▶ **What you have to do**
Only the lines from the one containing "a view of a hallway with a couch" through the end of the records should be retyped, exactly and including both ends; pictures stay out.

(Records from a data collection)

-----

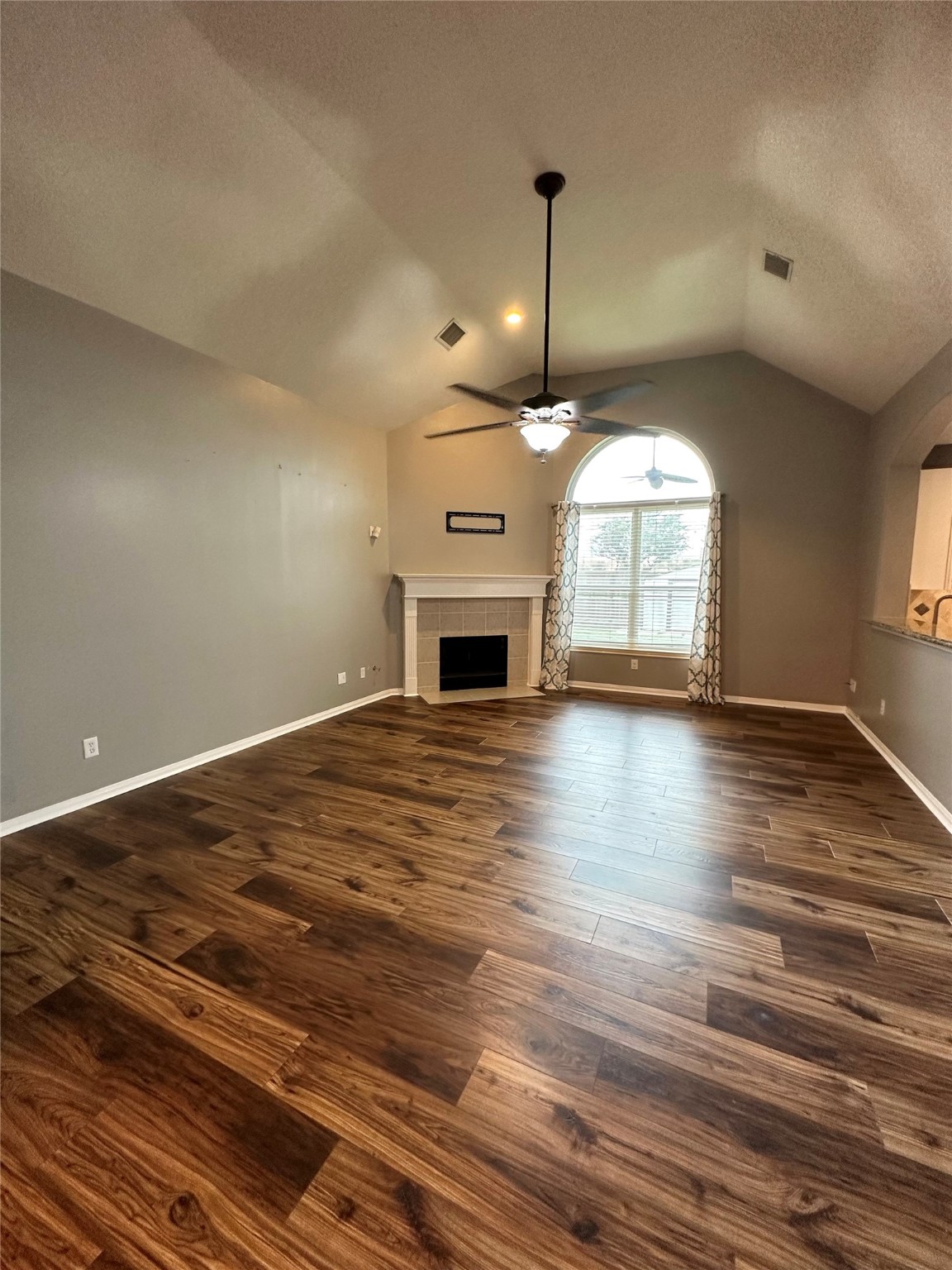 20235 Concord Hill Drive Cypress, TX 77433 - Photo 4 of 27 an empty room with wooden floor fireplace and windows
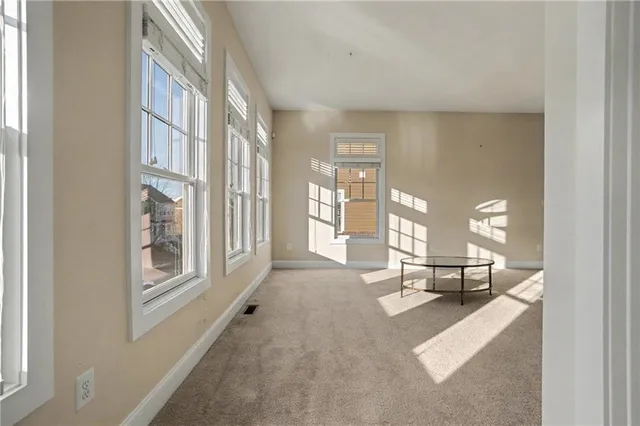 a view of a hallway with a couch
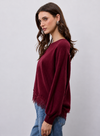 A woman wearing a long-sleeve crewneck sweater in deep burgundy with a lace hem detail, paired with blue jeans, against a light gray studio background.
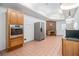 Kitchen with stainless steel appliances and wood cabinets at 1112 Delaware Se Ave, Atlanta, GA 30316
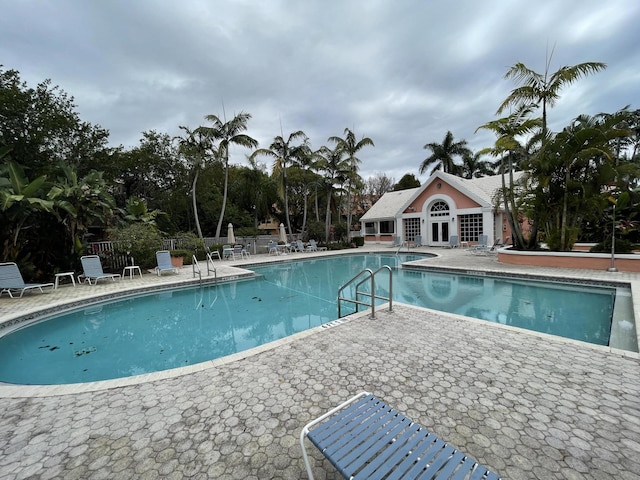 pool featuring fence and a patio area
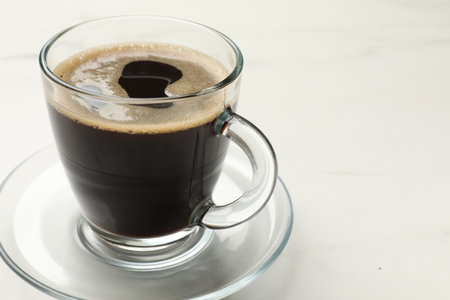 Cup of aromatic coffee on white table, closeup. Space for textの写真素材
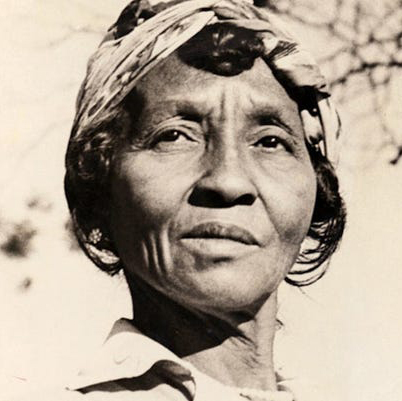 A black-and-white photograph of a dark-skinned older woman, shown from the neck up. She has short, dark hair, held away from her face by a white head wrap. She has a stoic expression, and is looking away from the camera against a light background.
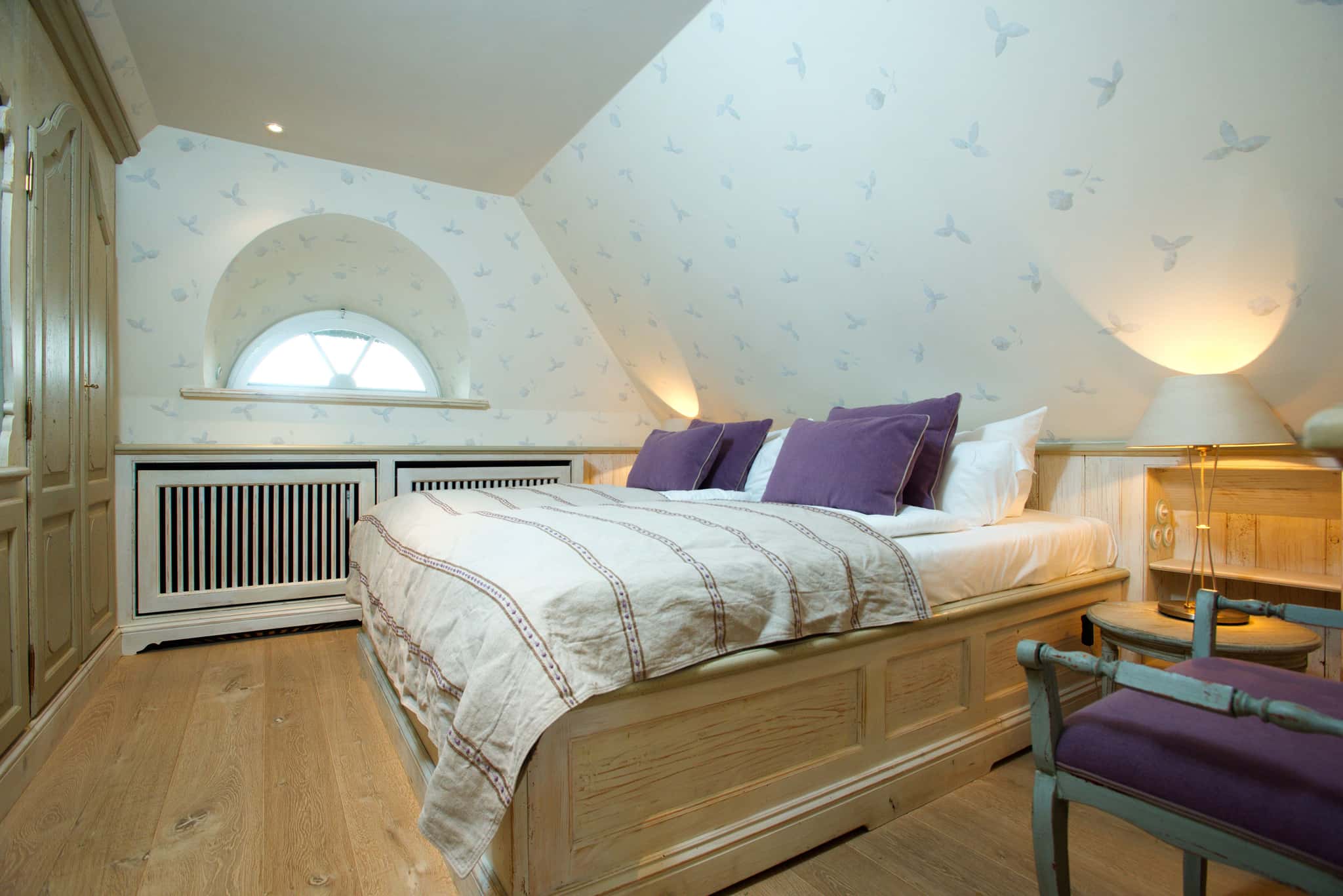Schlafzimmer mit Doppelbett, lila Kissen, Rundbogenfenster und gemusterter Tapete, Tipkenhoog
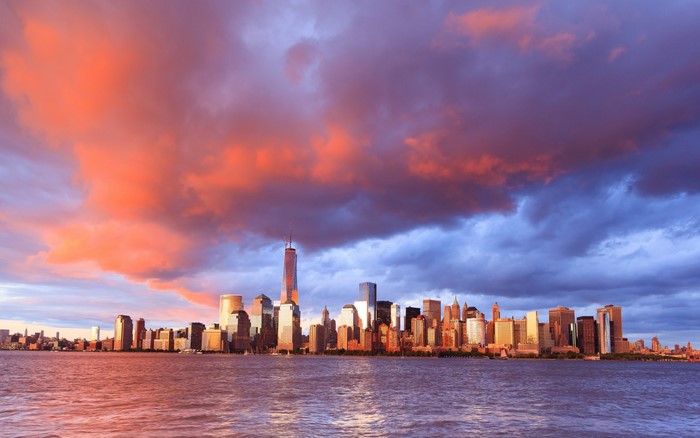 New York City skyline at sunset over the water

-----

▶ **Task output**
 a view of a hallway with a couch
 A woman wearing a long-sleeve crewneck sweater in deep burgundy with a lace hem detail, paired with blue jeans, against a light gray studio background.
 Kitchen with stainless steel appliances and wood cabinets at 1112 Delaware Se Ave, Atlanta, GA 30316
 pool featuring fence and a patio area
 Cup of aromatic coffee on white table, closeup. Space for textの写真素材
 A black-and-white photograph of a dark-skinned older woman, shown from the neck up. She has short, dark hair, held away from her face by a white head wrap. She has a stoic expression, and is looking away from the camera against a light background.
Schlafzimmer mit Doppelbett, lila Kissen, Rundbogenfenster und gemusterter Tapete, Tipkenhoog
 New York City skyline at sunset over the water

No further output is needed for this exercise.